Now, sixteen years since the human genome draft, it is medical and clinical microbiology, which is enjoying a revolution in methodology. High throughput sequencing of microorganisms with comparatively tiny genomes is producing more data than ever before for medical microbiologists to better understand their biology and is poised to change how clinical microbiology is done due to the substantially more portable Oxford Nanopore sequencing technologies. Microbes, particularly bacteria, threaten public health and simultaneously, the crops and livestock upon which we depend. Developing countries in particular stand to benefit greatly from fast, efficient, powerful and inexpensive sequence-based microbiological methods in research and the clinic.

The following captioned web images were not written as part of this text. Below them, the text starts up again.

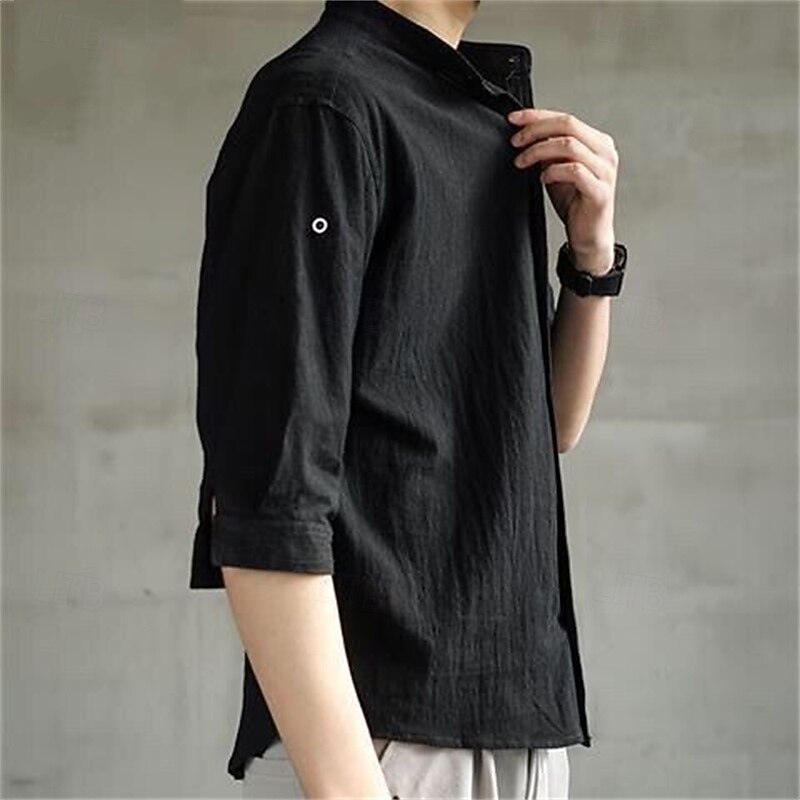 Men's Cotton Linen Shirt Plain Vacation Black White Green Half Sleeve Grandad Collar Summer Clothing Apparel Button-Down4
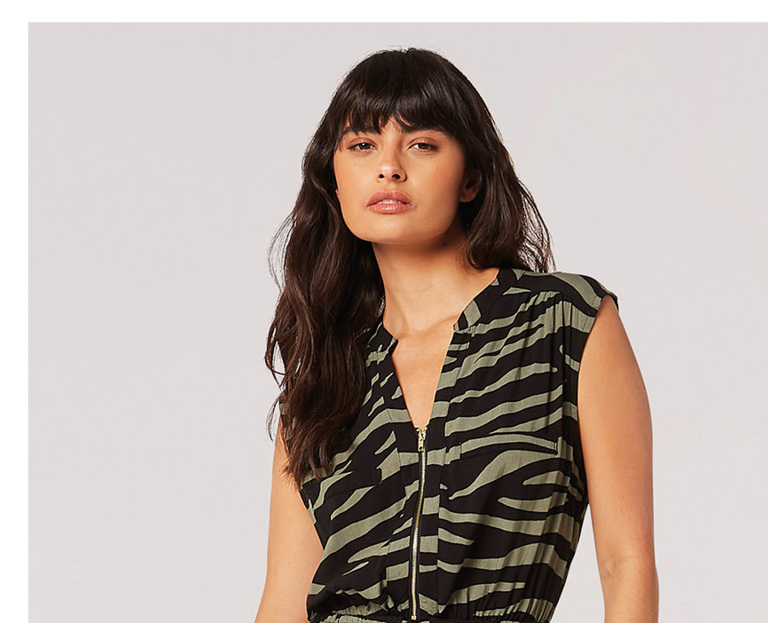 Zebra Print Zip Through Mini Dress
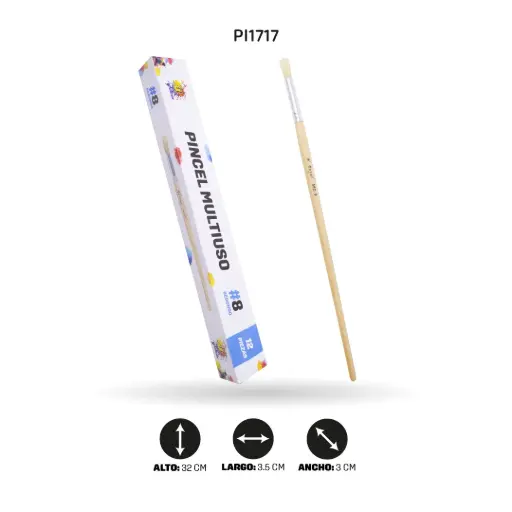 [PI1717] PINCEL CHINO AH ROYAL REDONDO NO 8 X12 [PAC20020-1717-PAC80101-1717]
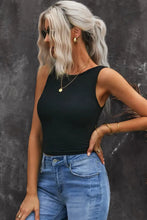 Round Neck Tank Top Black Tanks & Camis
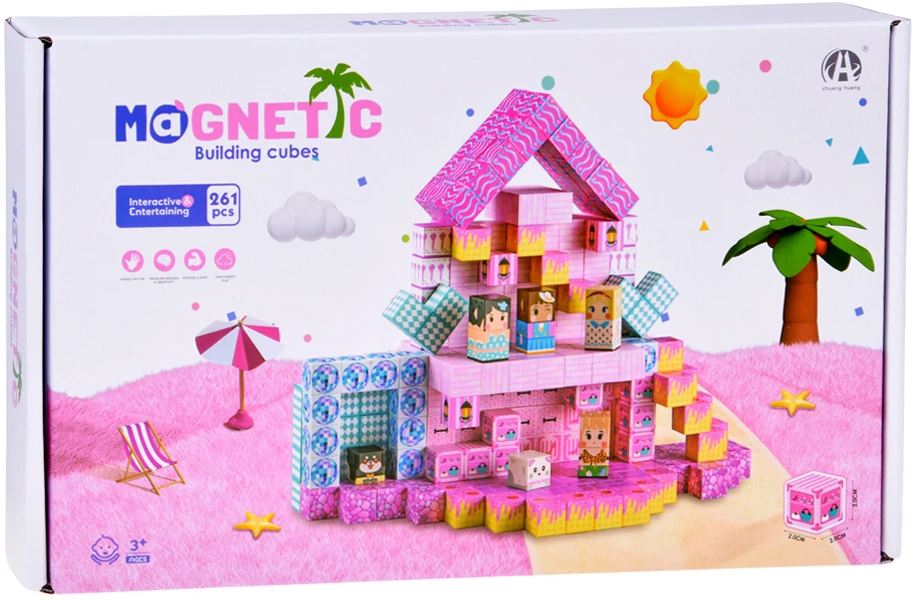 Jokomisiada Magnetic blocks HOUSE - construction cubes and pikselių 261 pieces ZA 6351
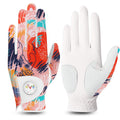 FINGER TEN Stylish Golf Gloves Women with Ball Marker 1 Pack for Left or Right Hand, Breathable Glove with Fashion Patterns for 
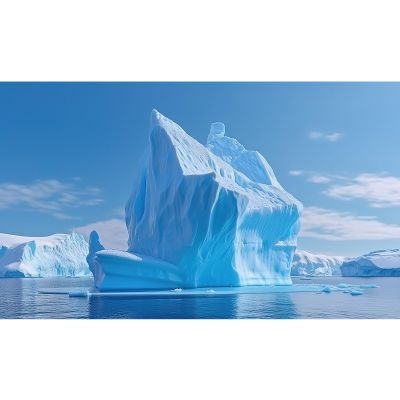 White Iceberg Backdrop Ice Shelf Snow Mountain Photography Background Iceberg Casting Shadow On Blue Sea Backdrop Blue Sky Pure Sea Backdrops for Travel Vacation Honeymoon Photo Shooting Props 15x8ft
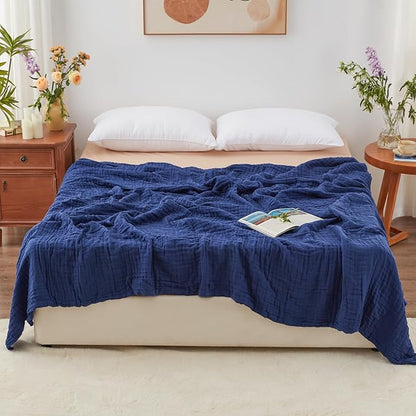 Love's cabin 6 Layer 100% Cotton Muslin Blanket, 90"x90" Muslin Blanket Queen for Couch Bed, Lightweight and Breathable Cotton Gauze for Adult, Navy Blue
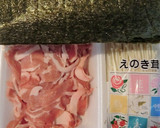 豚小間とえのきの、甘辛海苔くるみ作り方1写真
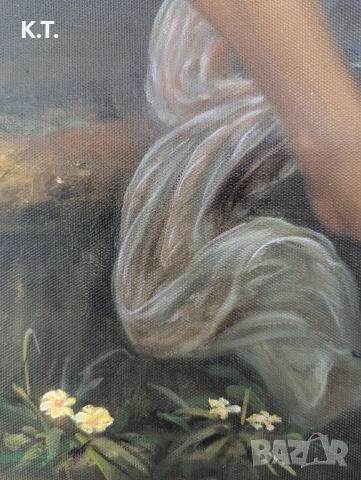 Масло върху платно. Голяма уникална ръчно рисувана репродукция на класическата картина, снимка 5 - Антикварни и старинни предмети - 53730830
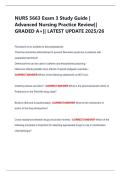 NURS 5663 Exam 3 Study Guide &vert;  Advanced Nursing Practice Review&vert;&vert;  GRADED A&plus;&vert;&vert; LATEST UPDATE 2025&sol;26 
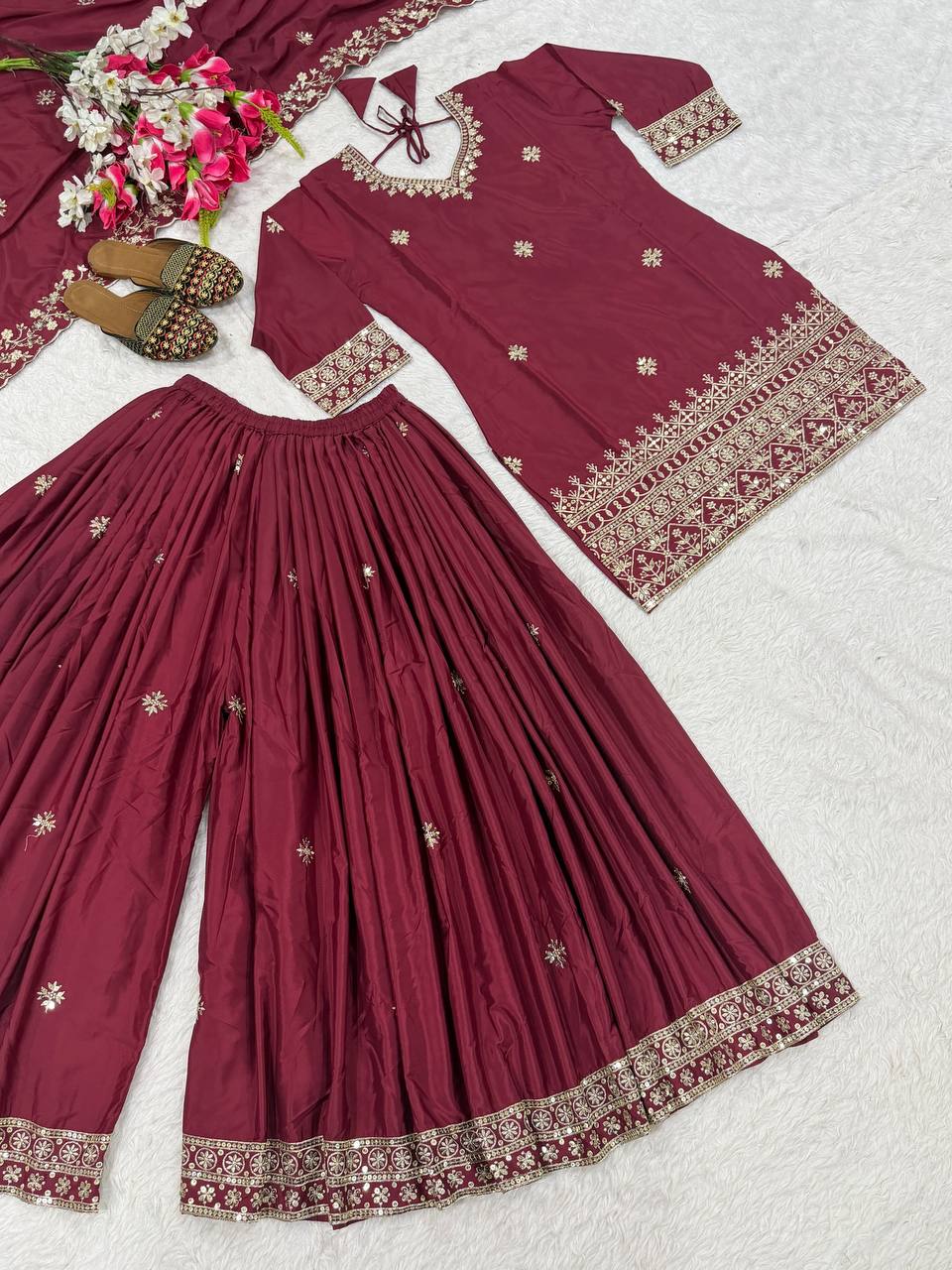 Awesome Maroon Color Embroidered Sharara Suit With Dupatta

The first bacterial genome, that of Heamophilus influenzae, was completely sequenced in 1995. Sequencing of H. influenzae and the projects in the following years were labour-intensive and required massive six figure budgets, with entire laboratories dedicated to completion or ‘closing’ of gaps left in the genome by the computational sequencing fragment assemblers. From around 2005, ‘second generation’ sequencers allowed a massive increase in throughput while the price decreased dramatically, an excessively stated fact but one that remains worthy of celebration as it has been increasingly so since.

Increasingly sophisticated algorithms to deal with raw sequencing data have accompanied the technological advance of sequencing platforms. Many copies of a genome are fragmented and constitute the raw output of DNA sequencing, so-called shotgun sequencing, and must be assembled. Early genome assemblers relied upon overlap-layout-consensus (OLC) algorithms, while high coverage shorter read sequencers demanded the development of graph based de brujin algorithms and accompanying heuristics, particularly for larger genomes. These advancements in sequencing and computation began to produce ‘draft’ genomes, which were now of high enough quality —especially if a closely related, high quality reference was already available— to eliminate the substantial rate-limiting step of ‘finishing’ genomes in the lab. Armed with a draft genome and with a number of online tools for most imaginable questions in microbial genomics (for not too large datasets) researchers can ask more about their chosen microbe of study than ever before.

Advancements are not only being made in tracking pathogens, unravelling the evolution of antibiotic resistance, population structure and adaptation of microbes but sequencing and bioinformatics are also democratising science with open tools, the soaring popularity of pre-prints, open data and a thriving community making the most of social media, which appears to be having the effect of promoting collaboration and reducing outdated, closed-off, paranoid science being done in isolation.